Let Cheese Take Center Stage During the Holidays

Let Cheese Take Center Stage During the Holidays
Everything you need for a cheese board can be purchased ahead, ready to prepare, and arranged with simple tips. (Erik Dungan/Unsplash)
11/13/2020
Updated:
11/15/2020

The holidays can be stressful, so take the pressure down a notch and feed and entertain with a decorative cheese platter. Cheese is a perfect accompaniment to cocktails, an inviting appetizer, or, heck, a casual help-yourself dinner. And with a little thought, a cheese board can take center stage on the holiday table. Everything you need for a cheese board can be purchased ahead, ready to prepare and arranged with simple tips.

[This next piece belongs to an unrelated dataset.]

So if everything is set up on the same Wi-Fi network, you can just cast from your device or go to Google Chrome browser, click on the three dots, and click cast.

Try to balance your cheese selection in strength, texture, flavor, and color. As a simple rule of thumb, select four to six cheeses, depending on how many people you are serving. Vary the colors, textures, strengths, and milk source, such as a fresh goat cheese, a bloomy pungent or washed rind cheese, a wedge of piquant alpine cheese or butterscotch-y Gouda, a nutty Pecorino (sheep cheese), and streaky blues.

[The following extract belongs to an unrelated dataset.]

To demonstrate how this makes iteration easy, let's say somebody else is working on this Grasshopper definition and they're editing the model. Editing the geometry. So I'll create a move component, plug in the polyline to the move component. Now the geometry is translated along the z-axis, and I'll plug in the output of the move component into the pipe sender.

Mix the shapes as well, choosing bricks, wedges, and molded rounds. And be sure to serve each cheese with its own knife.

Use the farmers market for decorative inspiration and edible garnishes. Arrange the cheese on large leafy greens, such as chard and collard greens, and decorate with curly, frizzy leaves such as purple kale, chicories, and frisée. Weave smaller decorative sprigs of herbs and edible flowers around the cheese as aromatic garnishes. Hollow out a small red cabbage or a radicchio head to use as a serving vessel for nuts and olives.

And don’t just stick to cheese. Add savory slices of salami and cured meats accompanied by cornichons. Sweeten up the board with colorful nibbles such as fresh grapes, crab apples, pomegranate arils, and persimmon wedges, or dried cranberries, figs, and apricots. Serve with a jar of chutney or jam. Add a wedge of honeycomb or a little glass of honey for drizzling.

Select a variety of crackers, crisps, and breads for texture, color, and consistency: hearty fruit and nut bread, rustic baguette slices, olive oil crackers, seeded crispbreads—and don’t forget to add some gluten-free options, just in case.

Arrange the cheese on a background of black slate or a weathered cutting board, or place a cutting board in a large wide basket. Arrange smaller wooden plates or decorative bowls on the boards to contain runny cheese and fill with crackers, olives, and spiced nuts, such as these bourbon spiced pecans.

Bourbon spiced pecans make an interesting addition to a cheese board. (Brent Hofacker/Shutterstock)
Bourbon spiced pecans make an interesting addition to a cheese board. (Brent Hofacker/Shutterstock)

Bourbon Spiced Pecans

Active Time: 25 minutes Total Time: 25 minutes
Makes 2 cups
  • 1/2 cup packed light brown sugar
  • 1/4 cup bourbon
  • 1 teaspoon sea salt
  • 1 teaspoon ground cumin
  • 1/2 teaspoon ground cinnamon
  • 1/2 teaspoon cayenne
  • 2 cups pecan halves
Heat the oven to 325 degrees F. Line a rimmed baking sheet with parchment.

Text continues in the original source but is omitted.